子どもの頃を思い出すと、家の南側は、たいてい大きな窓や縁側が開き、太陽をいっぱいに受け入れていた。その他の壁は、ほとんどタンスや棚や、大型家具で埋め尽くされていて、広い壁面なんてどこにもなかった。日本の伝統建築も柱を中心とした造りだから、障子や襖で仕切られていて、壁面は元々少ない。その少ない壁面を埋めていたのは、カレンダーや状差しで、ご先祖様の写真なんて鴨居の上にずらり追いやられるのが定番だったりする。これは、ドラマや映画でしか見たことないけど…。

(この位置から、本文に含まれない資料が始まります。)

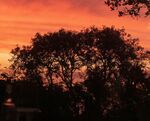 Meriel Flux - sunset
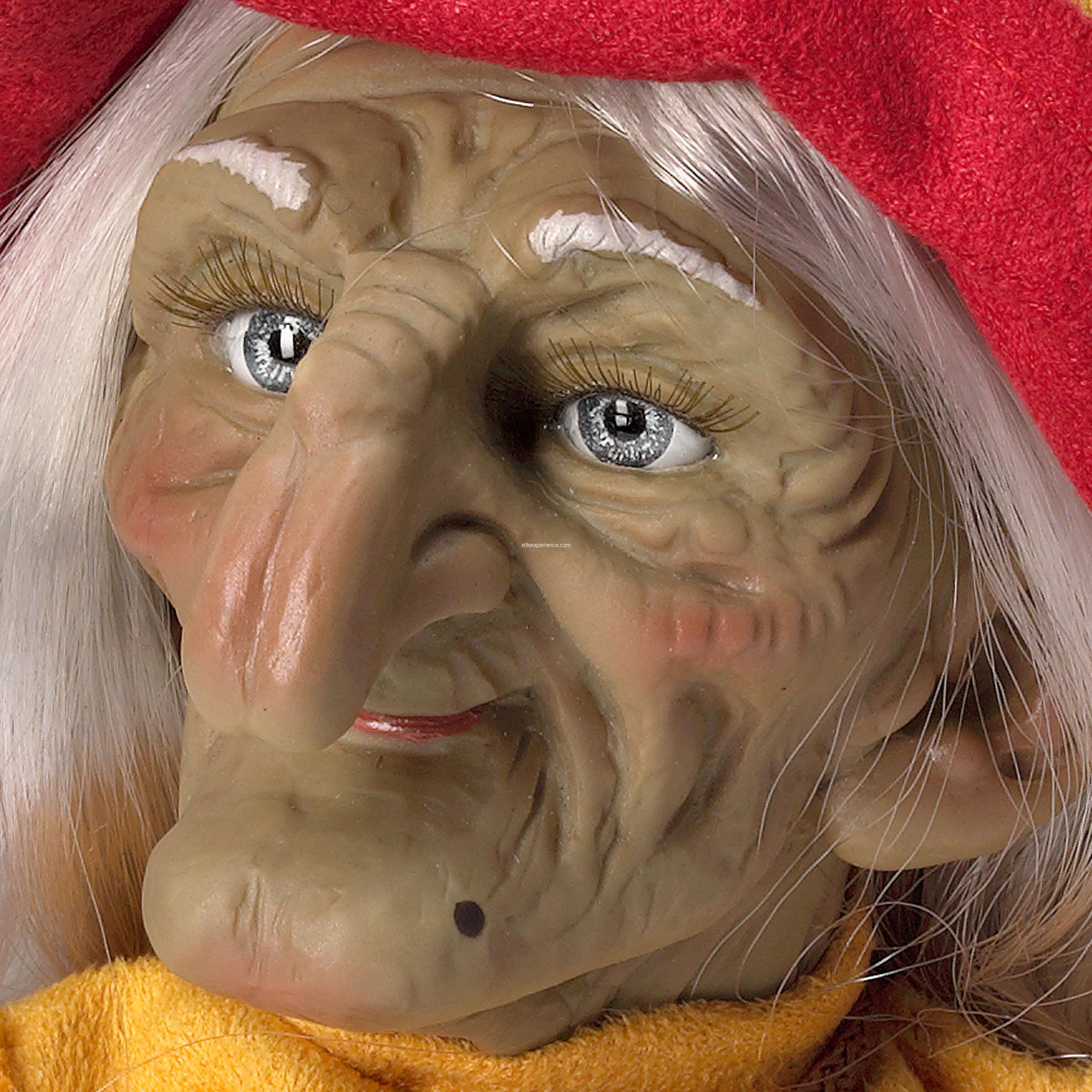 41017 Bruixeta - Imagen 4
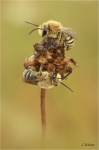 Filzbindige_Seidenbienen.JPG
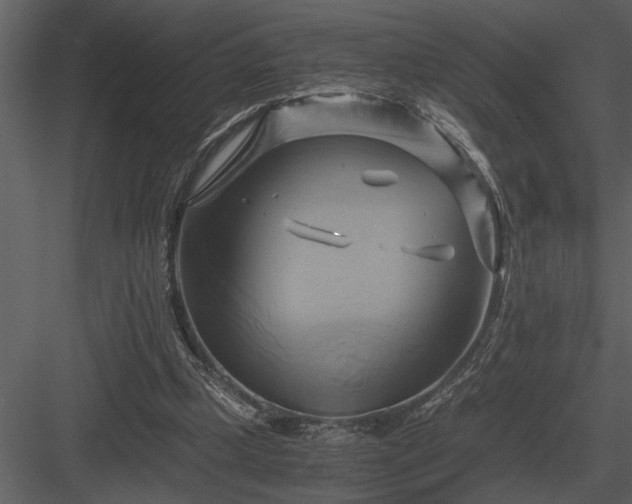 X0000084010249200702232212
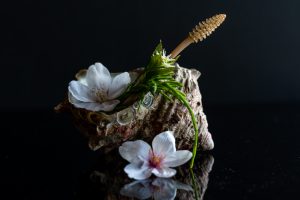 つくし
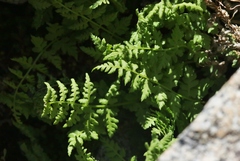 Athyrium americanum
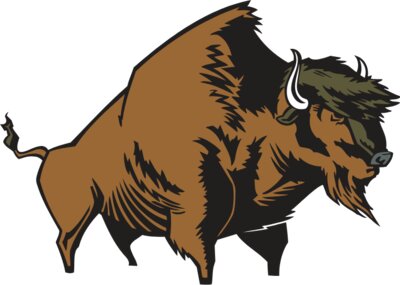 buffalo04V4clr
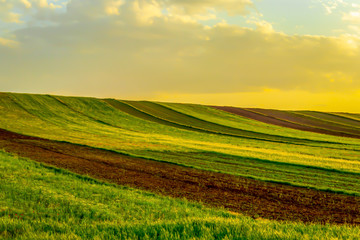 green field with blue sky and sunset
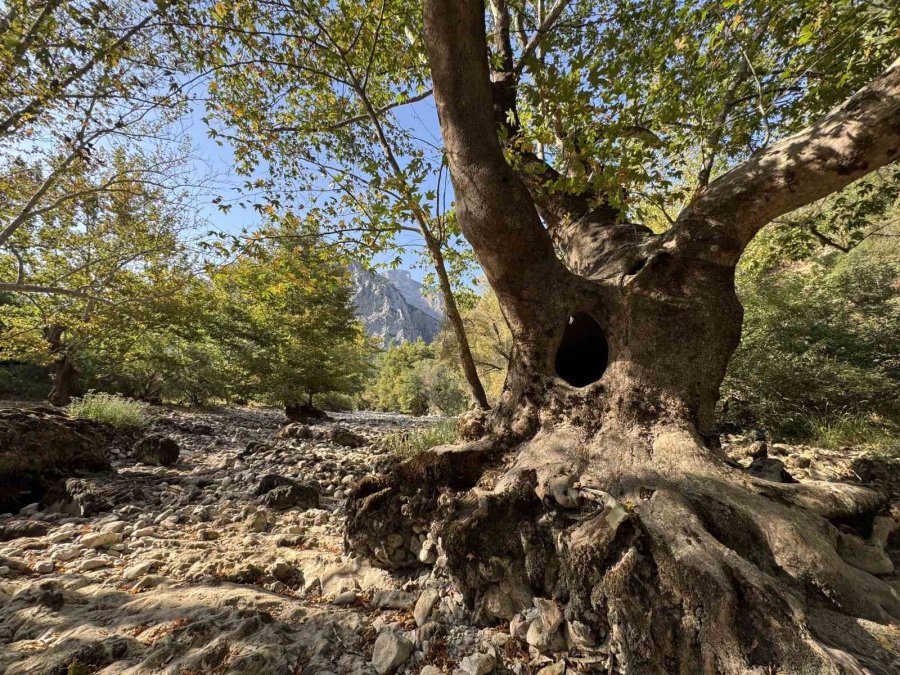 Üzümdere Irmağı Kuraklığa Yenik Düştü, Eski Halinden Eser Kalmadı
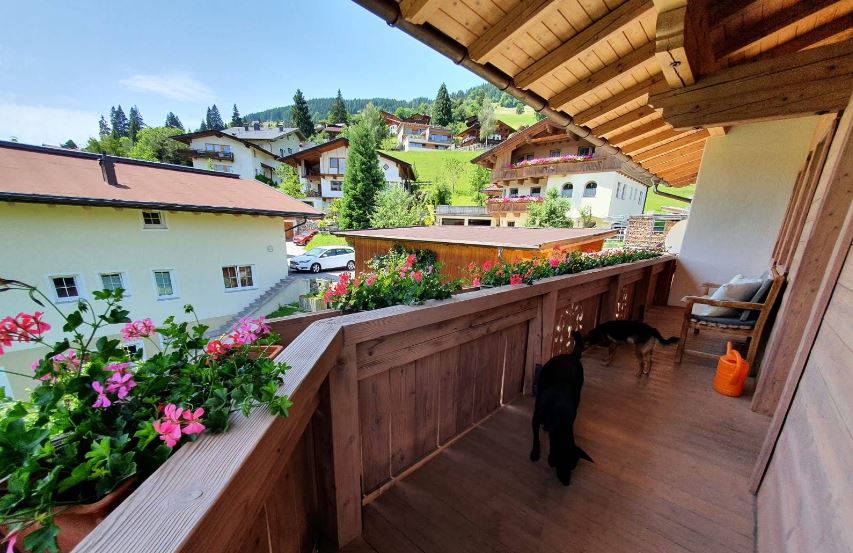Wandelen met hond in Tirol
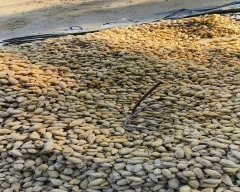 Bulb Turmeric for sale in Vizianagaram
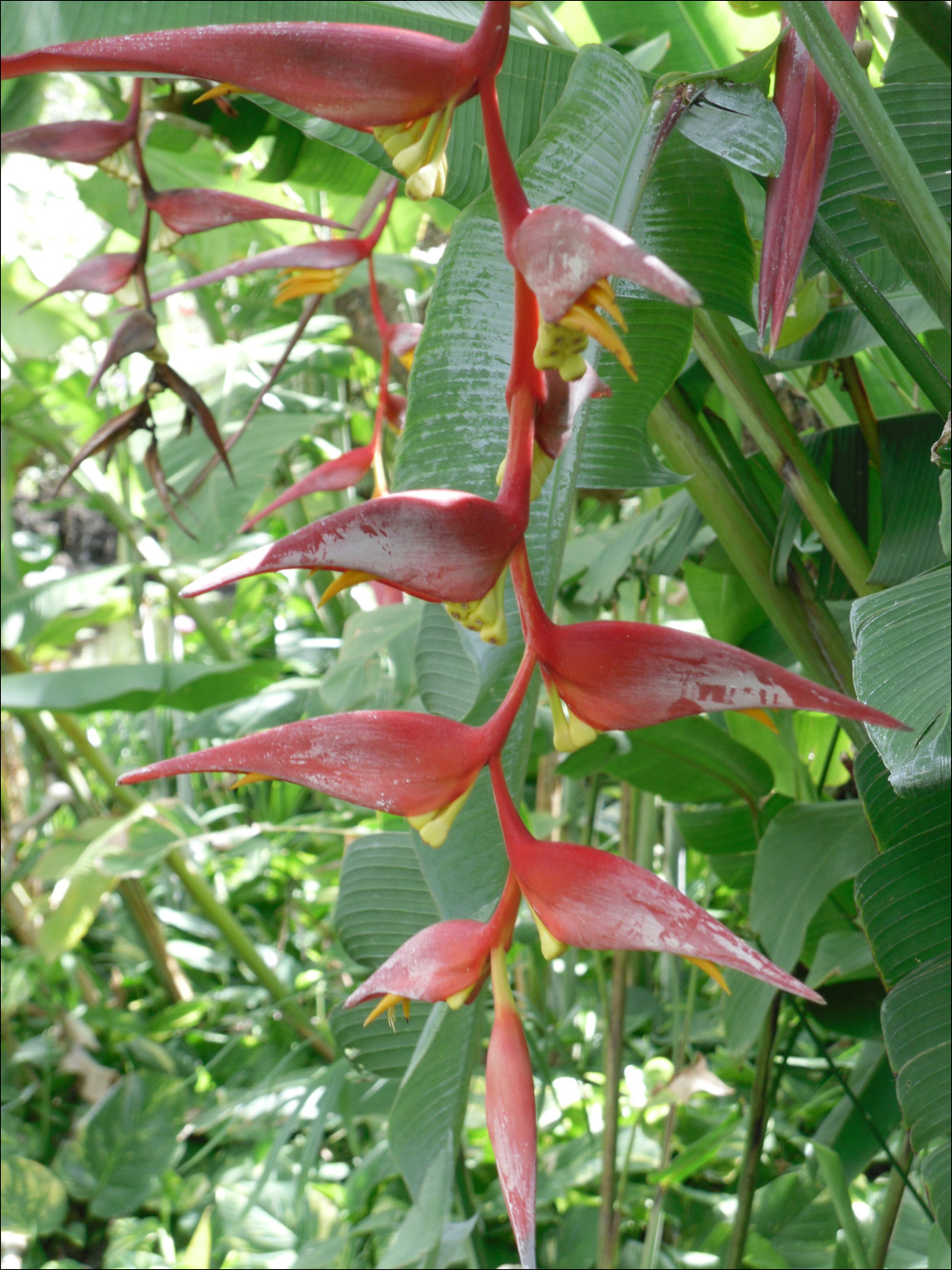 Various flowers of Kauai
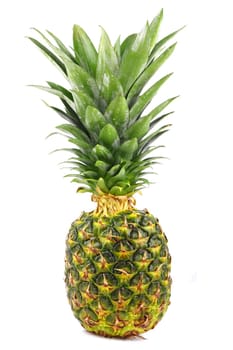 A fresh pineapple in frontal view.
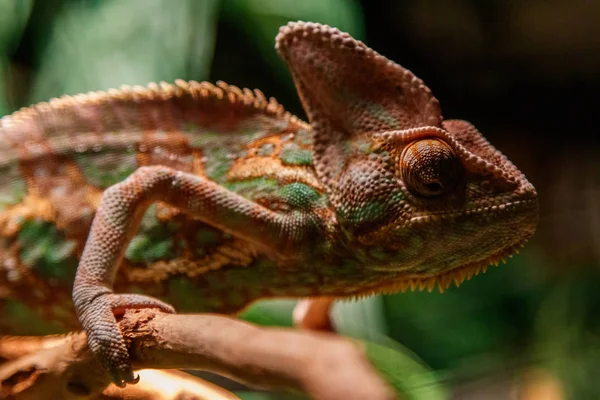Gyönyörű Gyík Jemen Chameleon Chameleon Fátyolos Chamaeleo Calyptratus Közelről — Stock Fotó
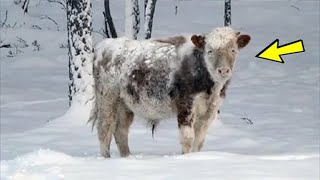 Якутский бык сбежал в лес, фермер был в ужасе когда встретил его и вот почему!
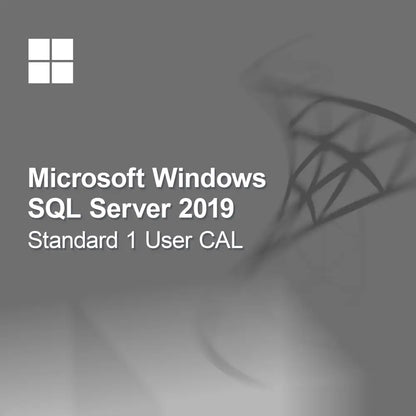 Microsoft SQL Server 2019 Standar 1 Pengguna CAL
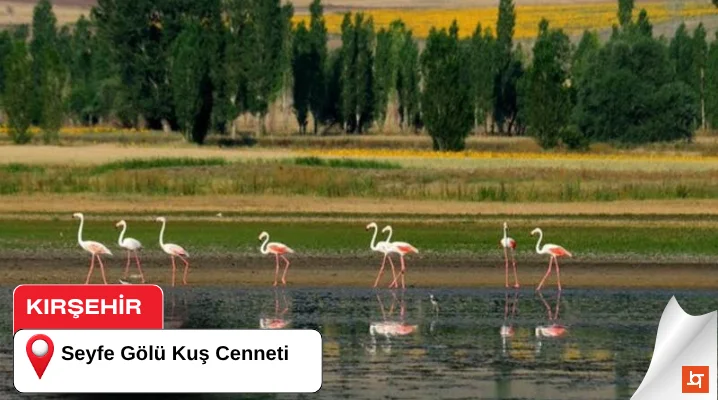 Seyfe Gölü Kuş Cenneti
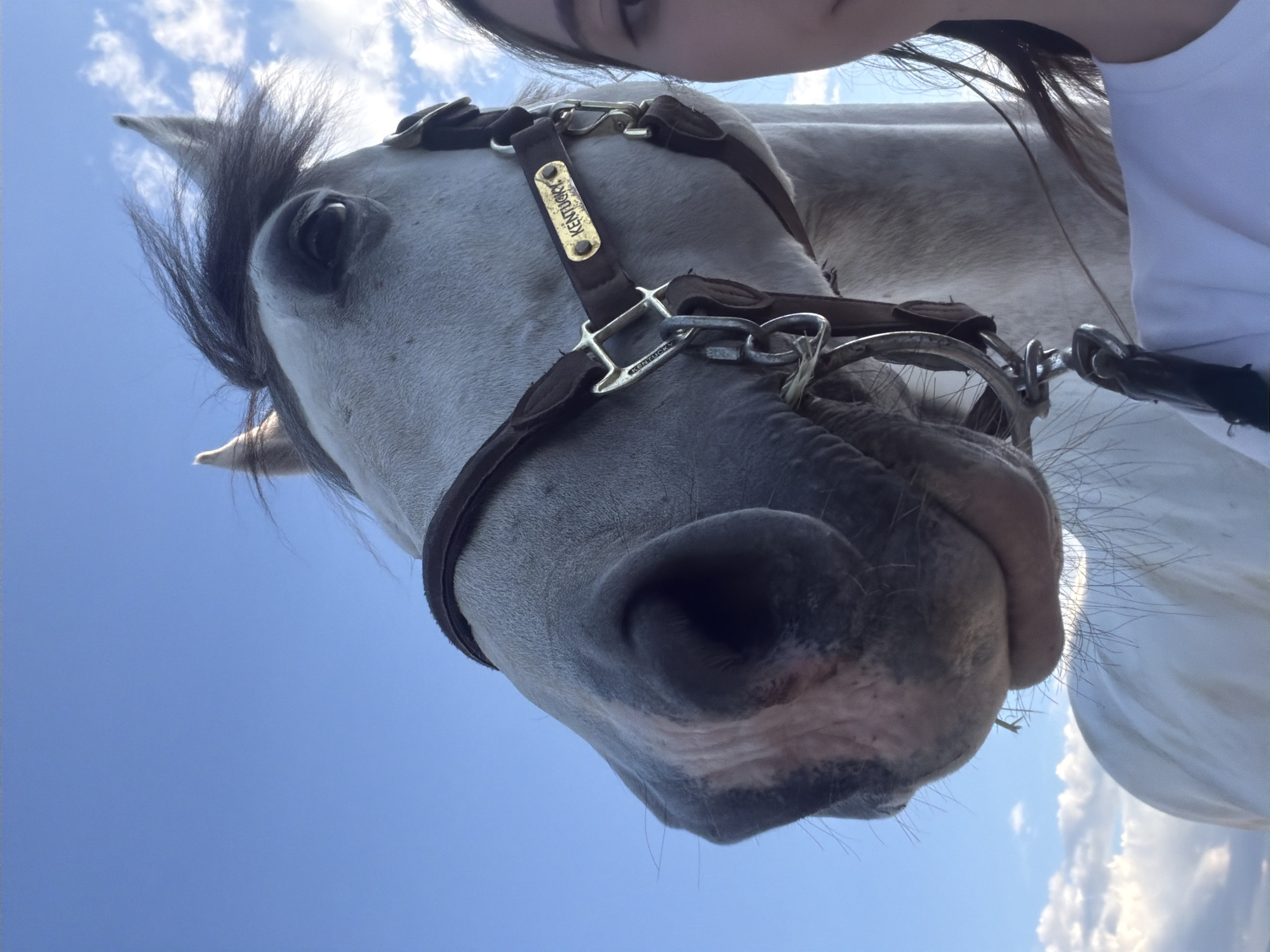 White horse with Kentucky tag spotted in Bulgarian village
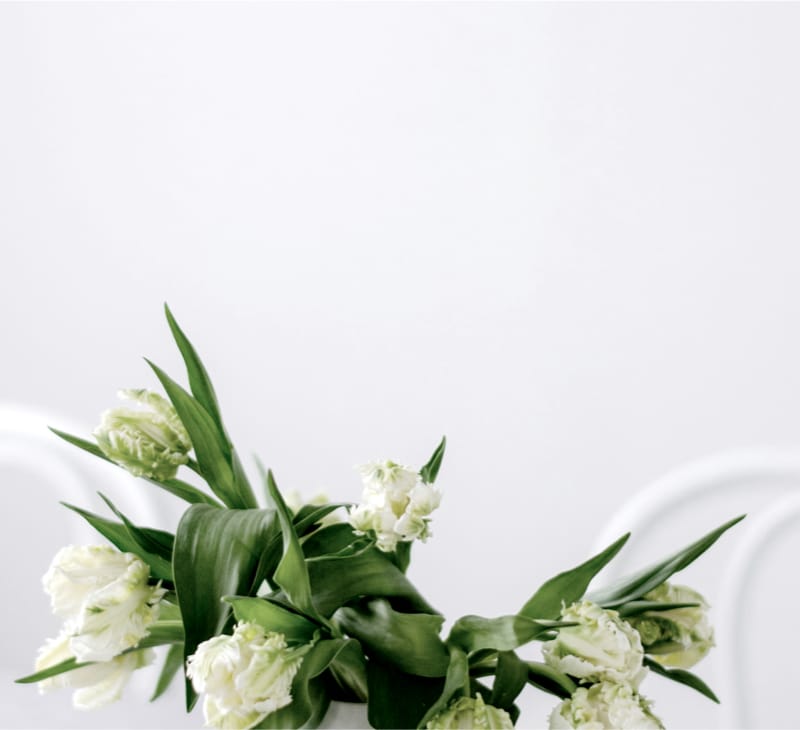 Un oiseau noir en littérature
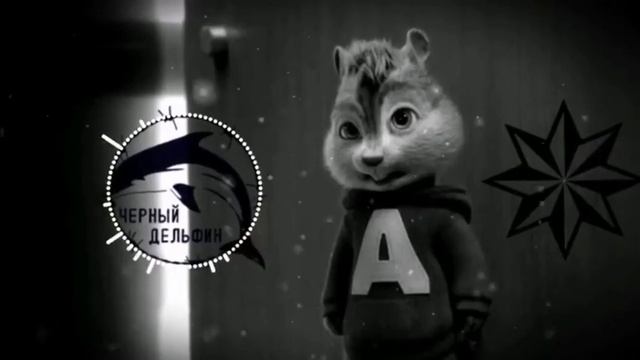 Чёрный делфин в испалнений бурундуки ? смотреть онлайн
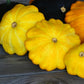 10 Golden YELLOW Bush SCALLOP SQUASH (Patty Pan / Paty Pan / Squanter Squash) Summer Cucurbita Pepo Vegetable Seeds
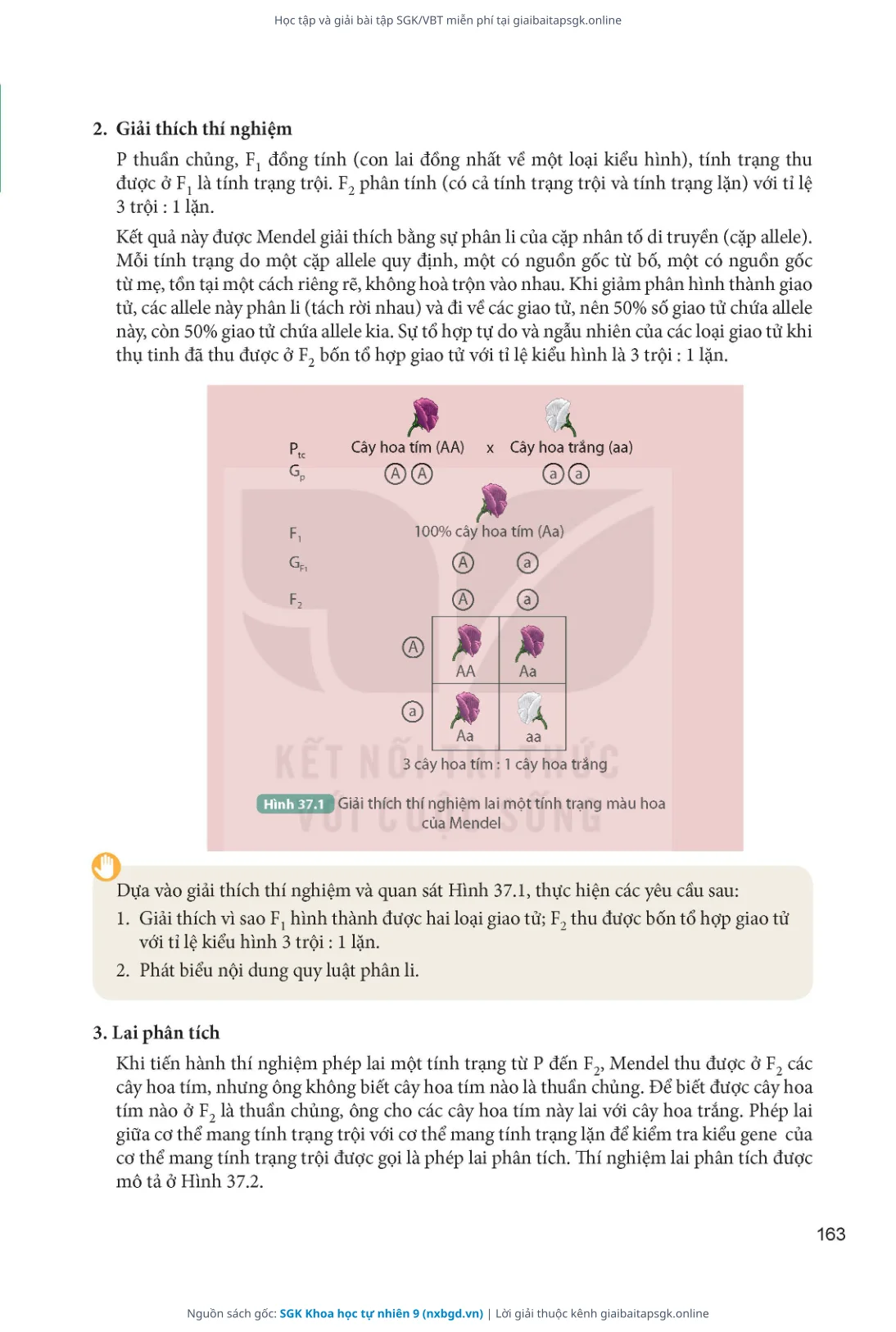 Trang 164 sách giáo khoa SGK Khoa học tự nhiên 9 thu nhỏ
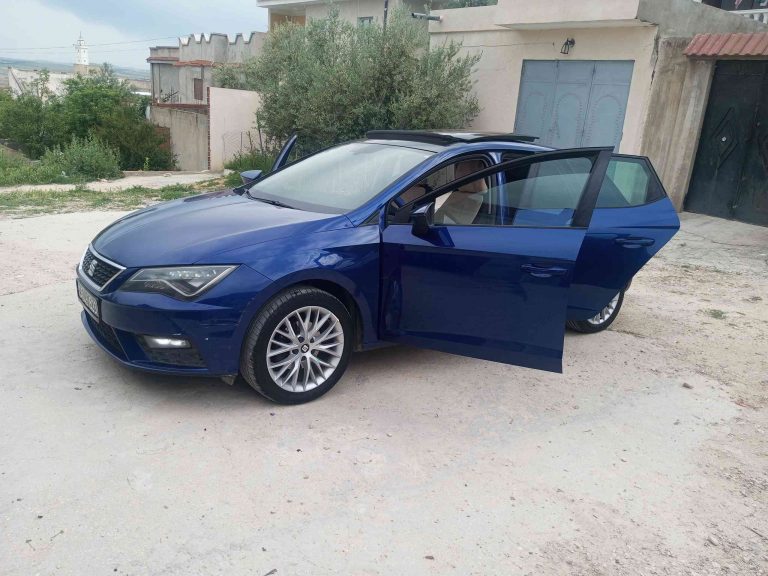 Seat Leon style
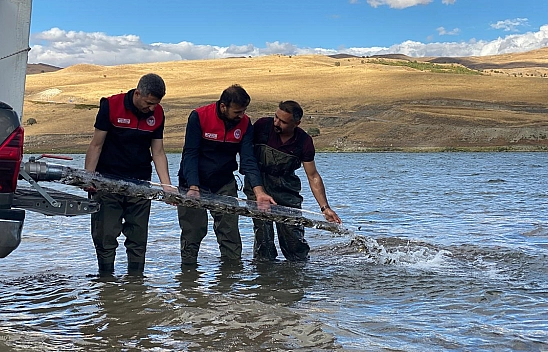 Elazığ'daki Gölet ve Barajlara 1 Milyon Sazan Yavrusu Bırakıldı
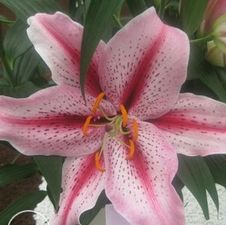 Lily Oriental 'Tiger Edition'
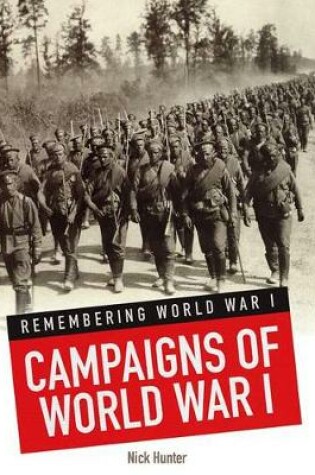 Cover of Campaigns of World War I (Remembering World War I)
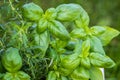 fresh green spices closeup in a pot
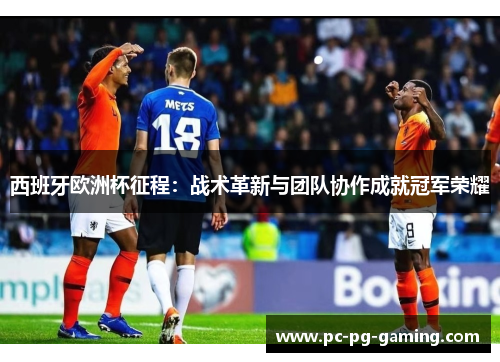 西班牙欧洲杯征程:战术革新与团队协作成就冠军荣耀 西班牙欧洲杯征程:战术革新与团队协作成就冠军荣耀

ボクは、自分の家のデザインをするとき、まず絵を掛けられる大きな壁面が欲しかった。
南側には頻繁ではないけれどクルマが通る道路がある。敷地に余裕はないから南側に大きな庭がとれるわけでもない。だったら、道路に面した南側を壁で塞いでしまえ!という乱暴なリクエストに建築家は応えてくれた。陽光は斜めにカットされた南西側から十二分に射し込む。

リビングの南面は写真の通り、大きな壁。
そこには、優しい天才/マイケル・ルーの大きなセリグラフ(シルクスクリーン)“QUARTET IN THE COUNTRY”を飾った。犬好きなのに、なぜか猫の絵。結構でかい。
リビングには他にも壁面を大きく取っているので、数点の絵をあちこちに掛けている。
見て楽しいし、ギャラリーで選ぶのも楽しい。掛け替えれば、その楽しさも絵とともに変わる。家具よりもリビングに変化をつけやすい絵やポスターだけど、な~んにもない壁がなければ、楽しめない。

だから、ボクは、最初に広い壁にこだわった。
壁には、時にモビールの影 が映る。虹のかけら が飛び交う。

この壁に、でっかいテレビを掛けちゃうのは、なんだかもったいない。